According to Miller’s Law, the number of objects an average person can hold in working memory without rehearsal is 7 ± 2. That’s not a lot. Any more pieces of information and newer items replace the previous content. Imagine, it’s only a Post-it note’s worth of information in an active, readily-available state. I get two Post-it notes, because my handwriting is so big.
All kinds of stimuli constantly battling for my attention on top of this serious RAM limitation and oh yes, I can become easily distracted. My mind wonders and it’s difficult to focus on the task at hand. Especially if the project is of a more complex nature. And with my sometimes excessively high performance standards, I have an exceptional ability to transform a simple action into an elaborate strategy.
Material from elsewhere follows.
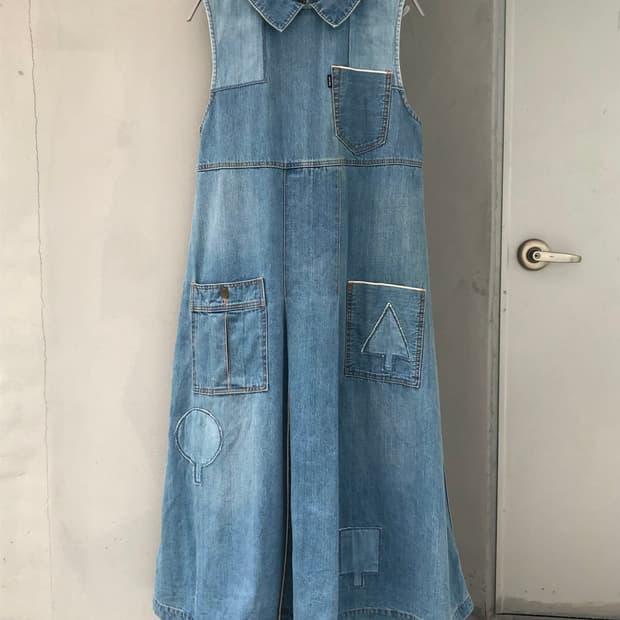 Ne net denim ops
Suddenly, I’ve turned an assignment into something really uncomfortable and overwhelming. Maybe there’s something else I could do. Time to welcome my good ol’ friend Procrastination!
This realisation hit me during the ”Getting Things Done” training course I attended on Friday. Luckily, I got some practical cures, too.
We started by mind-sweeping. The trainer asked us to write down anything and everything that is making claims on our attention. Both at work and in our personal lives. Seriously, I thought! I’d need all day for that. He gave us 10 minutes. Commitments and promises to others, communications to make, and projects, not completed or yet to be started. It soon became evident that there’s a whole lot of stuff that I’m trying to track and maintain in my mind. Astonishingly, the list – a long one – was coming out effortlessly. No processing or planning was allowed at this stage, just a creation of an inventory of any open loops.
The next step was processing. Going over this entire collection of stuff that had been stealing my attention, distracting me, weighing me down. For each item, I had to make a critical decision about the next action. Merely the next action, not the ten subsequent steps like I usually do and turn the venture into something way too daunting to even start. For any project with more than one action, I needed to define a desired outcome. That would help me conclude when the project was completed. Done and dusted!
What just happened? All of a sudden, I had cleared my psychic RAM and converted all my distressing clutter and undefined stuff into nice simple next actions, allowing me to move on. Cheerio my former friend Procrastination and hello Clarity of Mind!